■ Assignment
Print only the lines below, from the very first to the one containing "Kia Ceed 1.6", exactly as they stand. Do not print pictures.

■ Given records
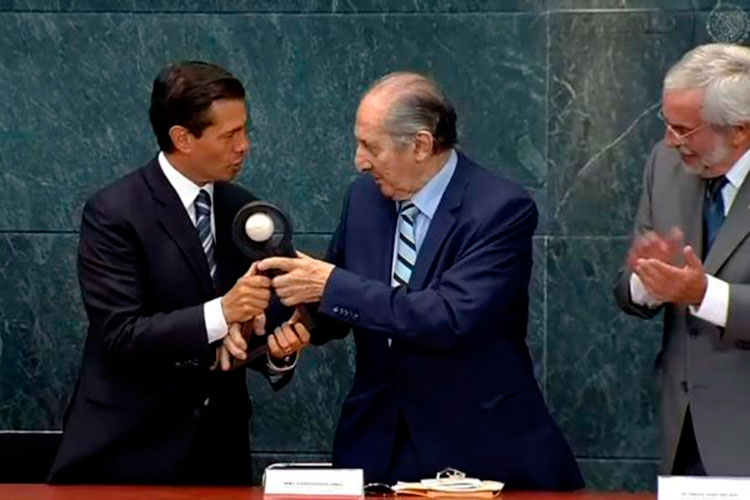 Recibe Eduardo Lizalde el premio Carlos Fuentes
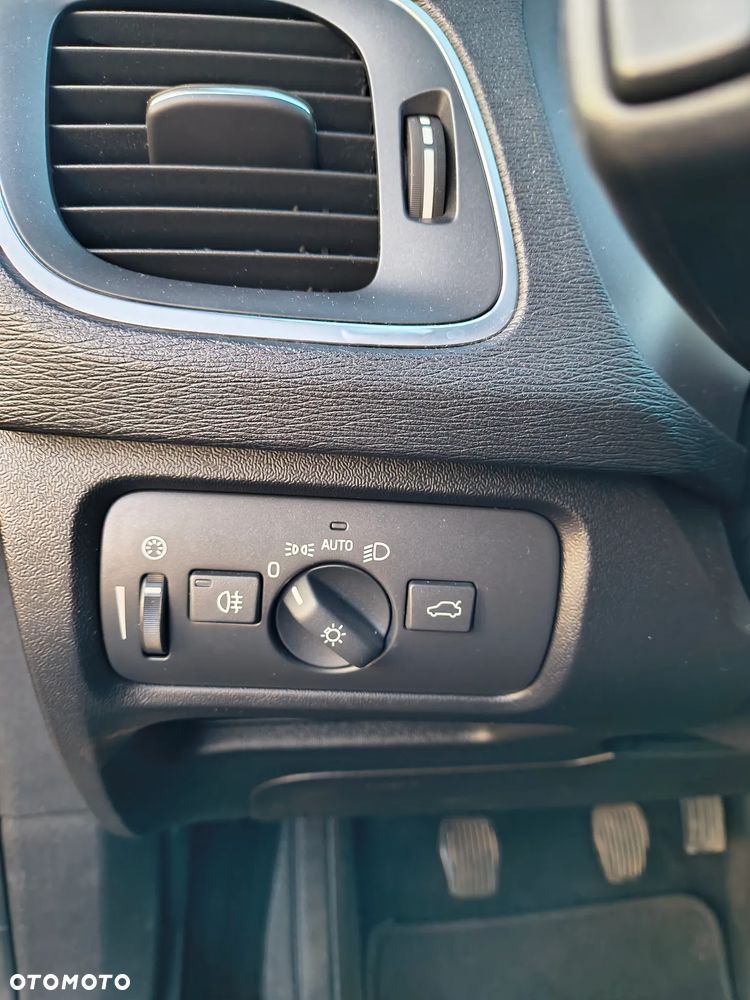 Volvo V40 D2 Momentum - 19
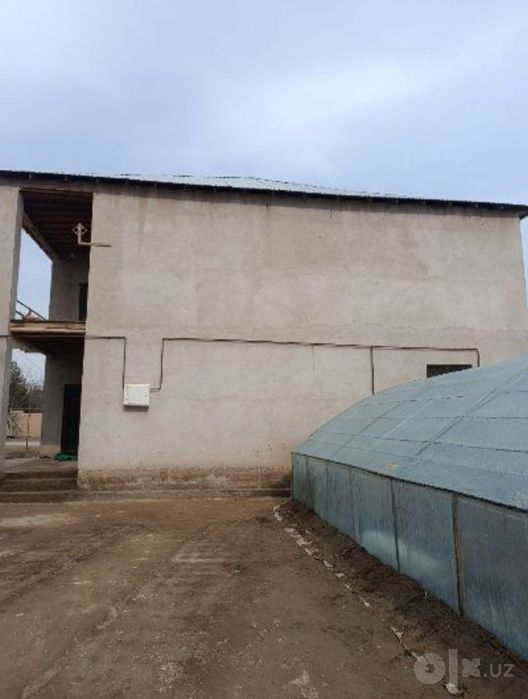 Икки каватли ховли жой сотилади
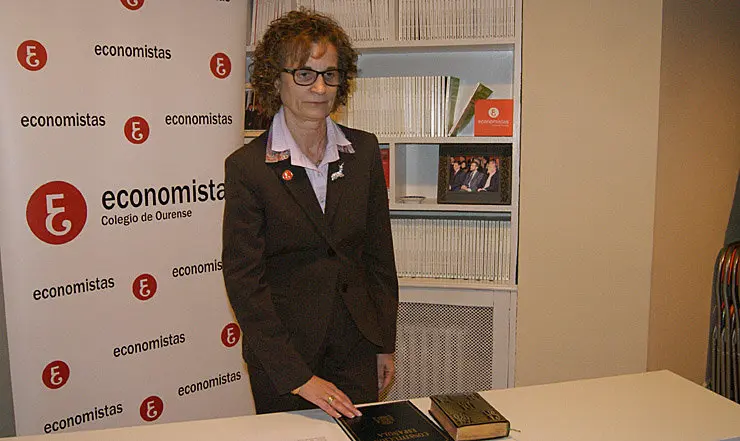 M&ordf; del Pilar Touri&ntilde;o V&aacute;zquez, vocal del Colegio de Economistas de Ourense./P.L.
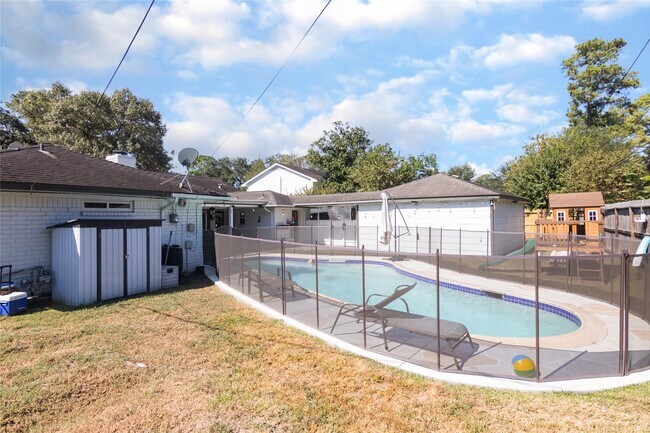 Building Photo - 13418 Paradise Valley Dr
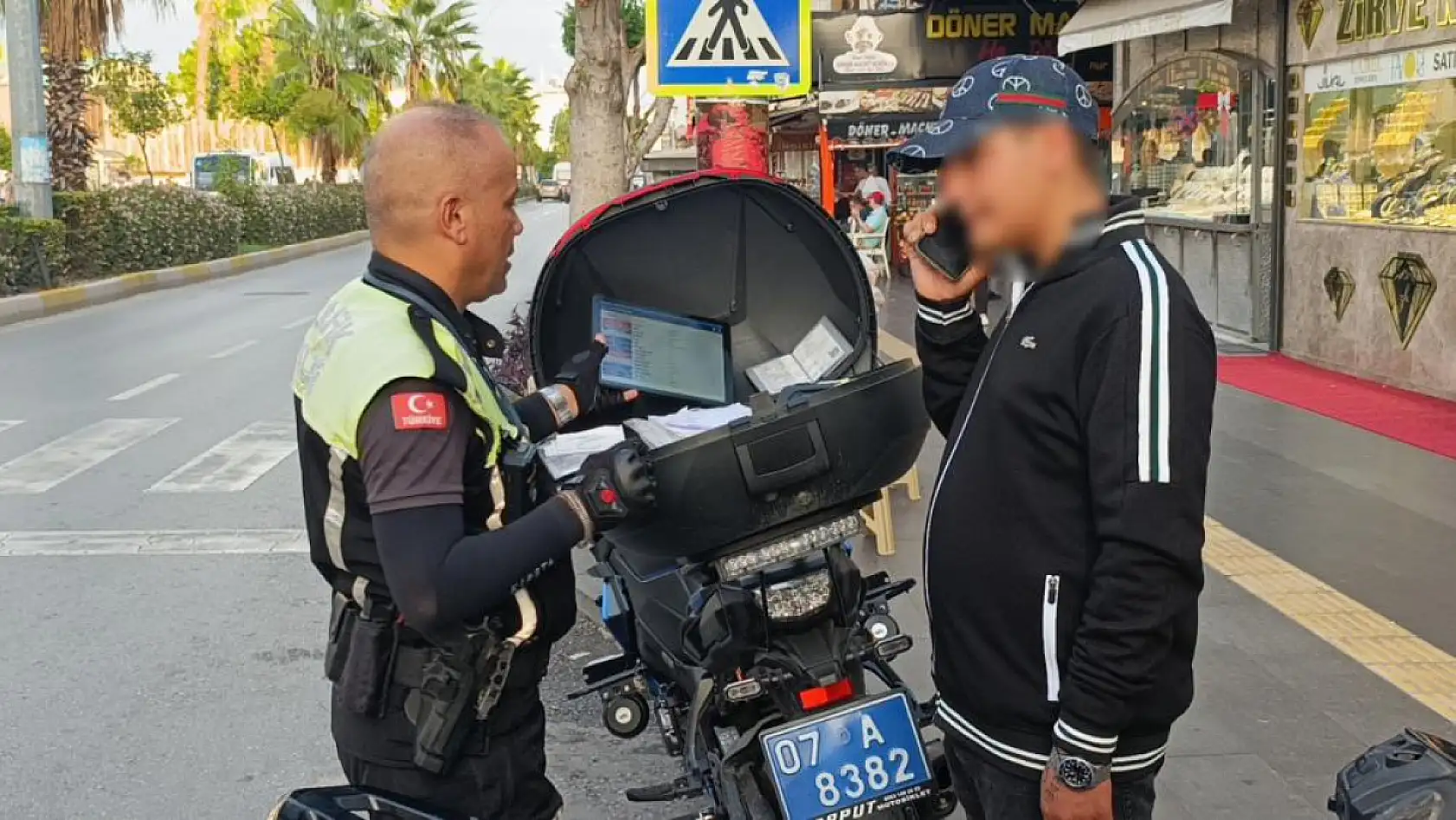 Yayaya yol veren otomobile arkadan çaptı: 41 bin 163 TL ceza yedi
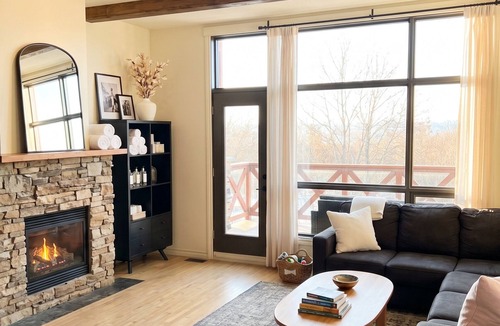 East Kootenay Condo | Ski-In/Out Mountain Escape with Hot Tub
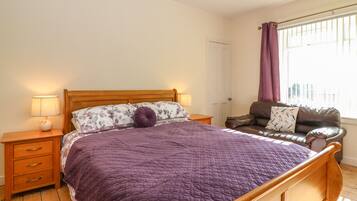 2 bedrooms, individually decorated, individually furnished, free WiFi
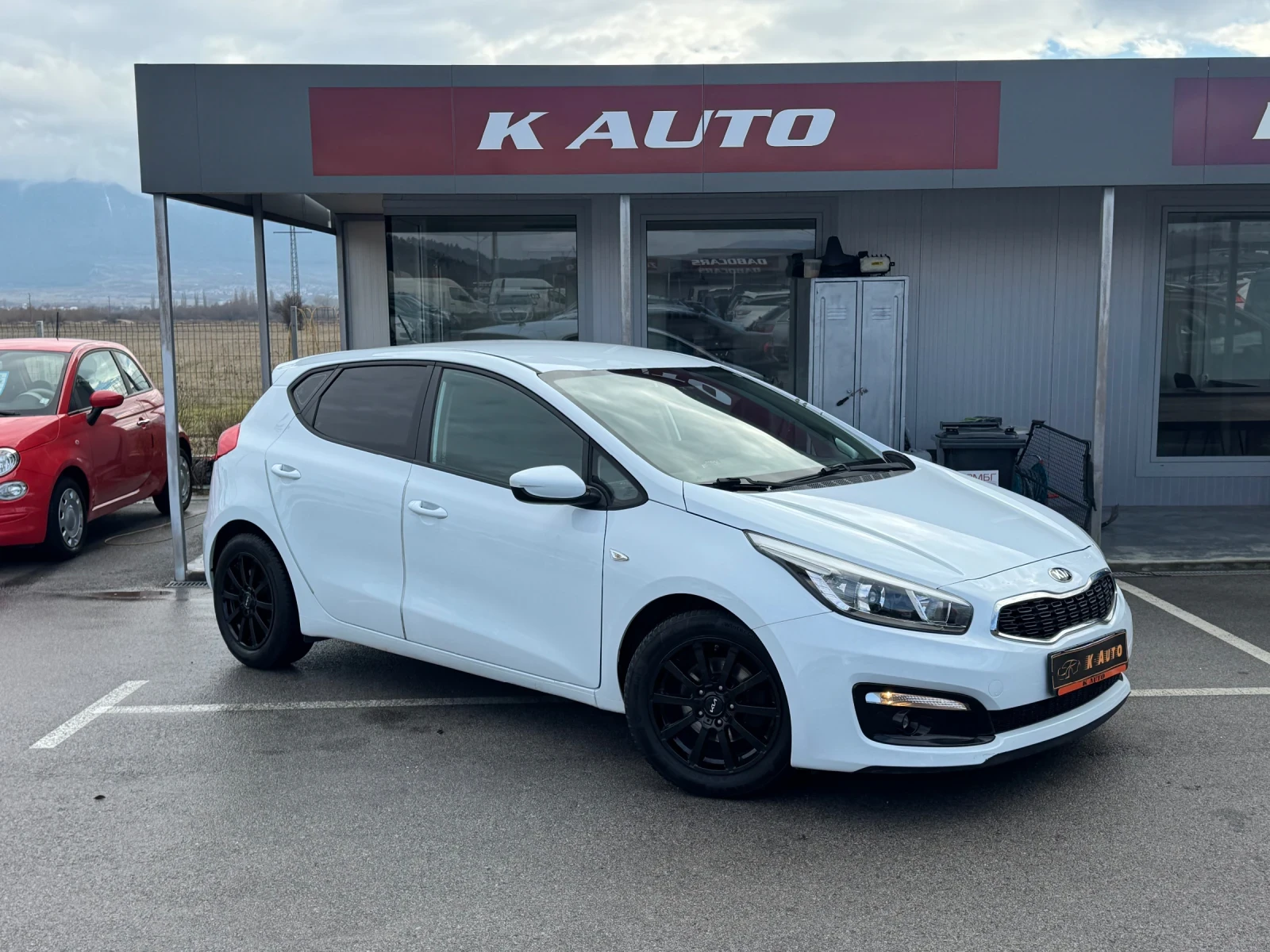 Kia Ceed 1.6 CRDi / 6 ск / Euro 6B - изображение 4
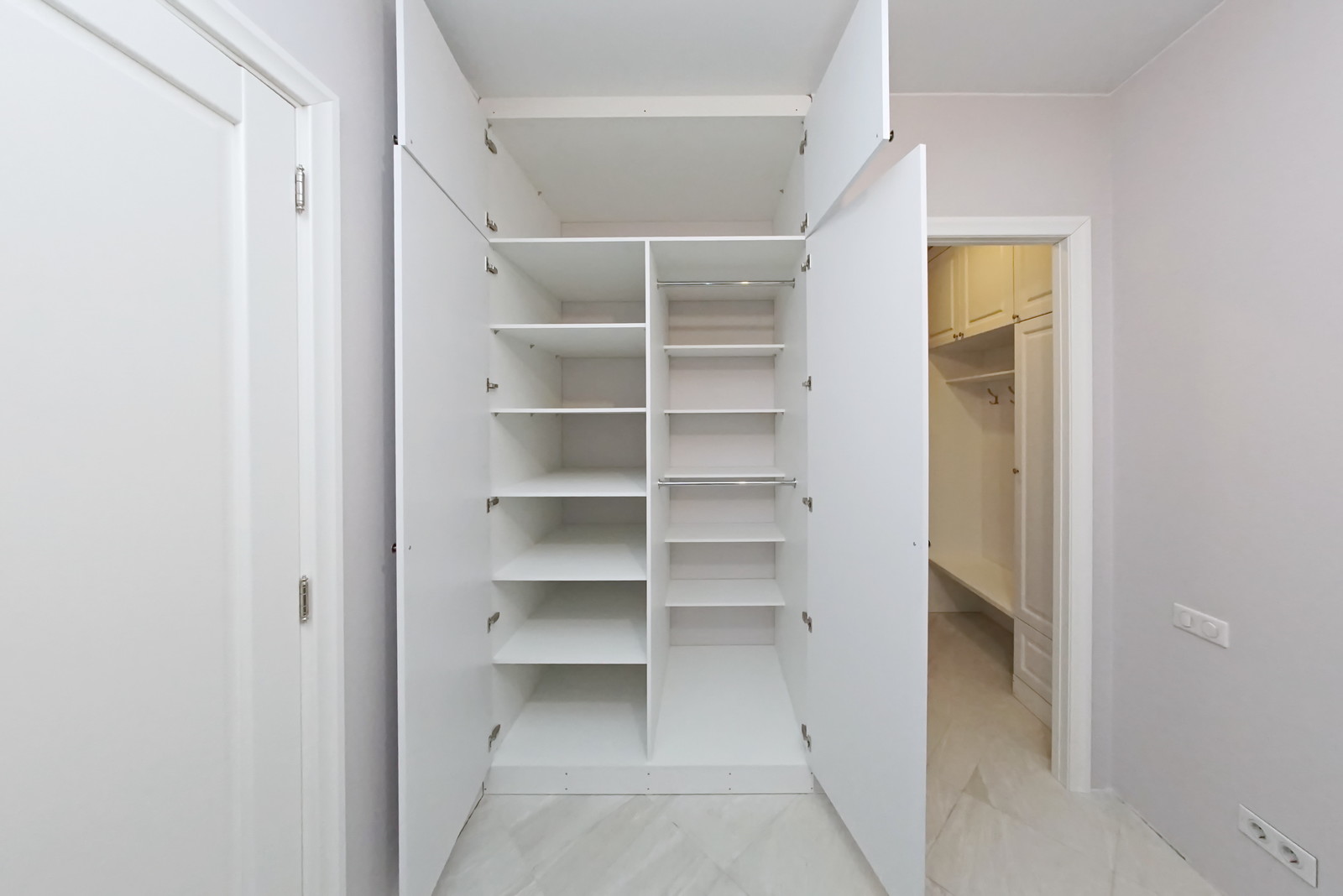 Прихожая, хозшкаф и ванная - всё в белом!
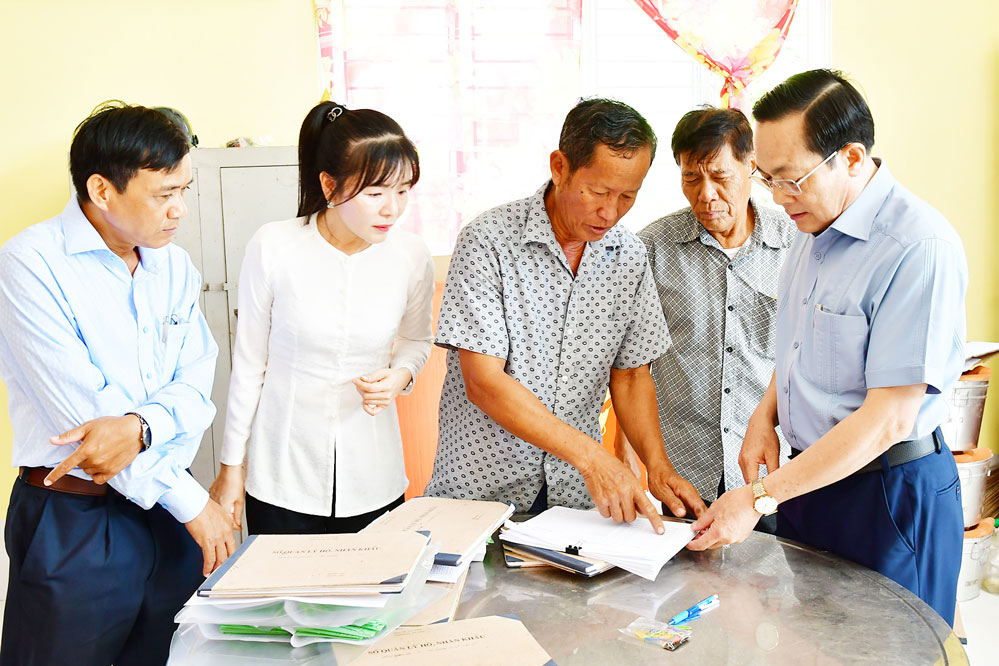 Đồng chí Lâm Minh Đằng, Phó Bí thư Tỉnh ủy Vĩnh Long (bìa phải), kiểm tra công tác chuẩn bị bầu cử tại xã Long Vĩnh.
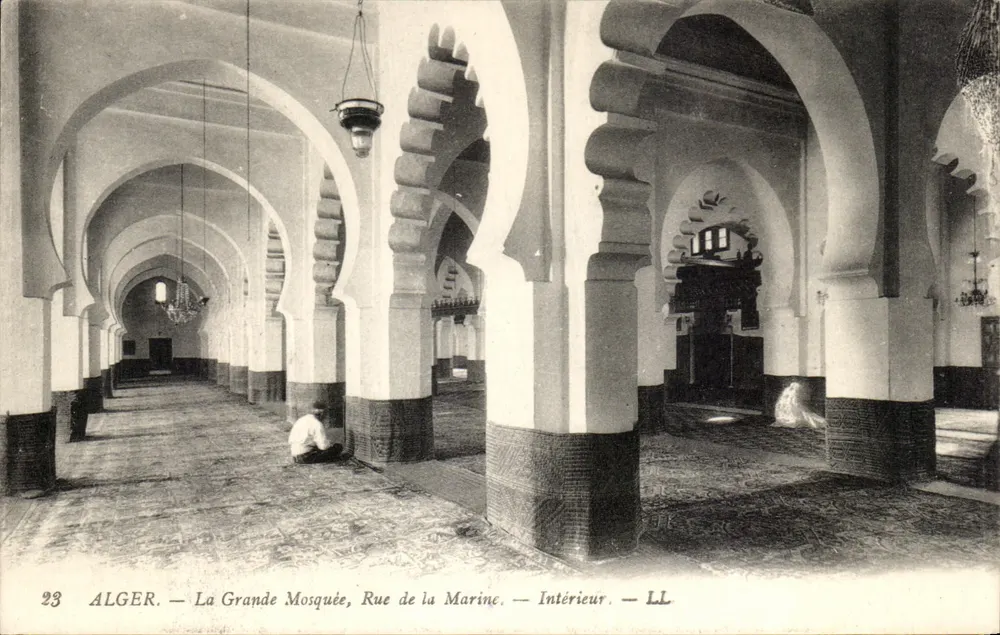 Alger — Große Moschee, Rue de la Marine — Innenraum — LL - Vorderseite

■ Answer section
 Recibe Eduardo Lizalde el premio Carlos Fuentes
 Volvo V40 D2 Momentum - 19
 Икки каватли ховли жой сотилади
 M&ordf; del Pilar Touri&ntilde;o V&aacute;zquez, vocal del Colegio de Economistas de Ourense./P.L.
 Building Photo - 13418 Paradise Valley Dr
 Yayaya yol veren otomobile arkadan çaptı: 41 bin 163 TL ceza yedi
 East Kootenay Condo | Ski-In/Out Mountain Escape with Hot Tub
 2 bedrooms, individually decorated, individually furnished, free WiFi
 Kia Ceed 1.6 CRDi / 6 ск / Euro 6B - изображение 4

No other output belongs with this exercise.